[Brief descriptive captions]
++++++++++

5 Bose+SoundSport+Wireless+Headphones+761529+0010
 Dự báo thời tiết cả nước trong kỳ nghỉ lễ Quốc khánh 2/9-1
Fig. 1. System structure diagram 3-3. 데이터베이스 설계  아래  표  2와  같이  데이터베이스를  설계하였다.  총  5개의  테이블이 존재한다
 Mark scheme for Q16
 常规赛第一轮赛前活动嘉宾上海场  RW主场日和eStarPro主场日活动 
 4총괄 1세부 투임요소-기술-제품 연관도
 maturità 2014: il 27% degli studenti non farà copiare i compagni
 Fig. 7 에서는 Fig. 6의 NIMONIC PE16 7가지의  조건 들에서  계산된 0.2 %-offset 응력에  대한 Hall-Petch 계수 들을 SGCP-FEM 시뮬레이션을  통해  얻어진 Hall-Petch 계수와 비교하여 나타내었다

++++++++++

What are the lines from the one with "maturità 2014: il" through the end of the records above? Set them down exactly, both ends included, and nothing else.

 maturità 2014: il 27% degli studenti non farà copiare i compagni
 Fig. 7 에서는 Fig. 6의 NIMONIC PE16 7가지의  조건 들에서  계산된 0.2 %-offset 응력에  대한 Hall-Petch 계수 들을 SGCP-FEM 시뮬레이션을  통해  얻어진 Hall-Petch 계수와 비교하여 나타내었다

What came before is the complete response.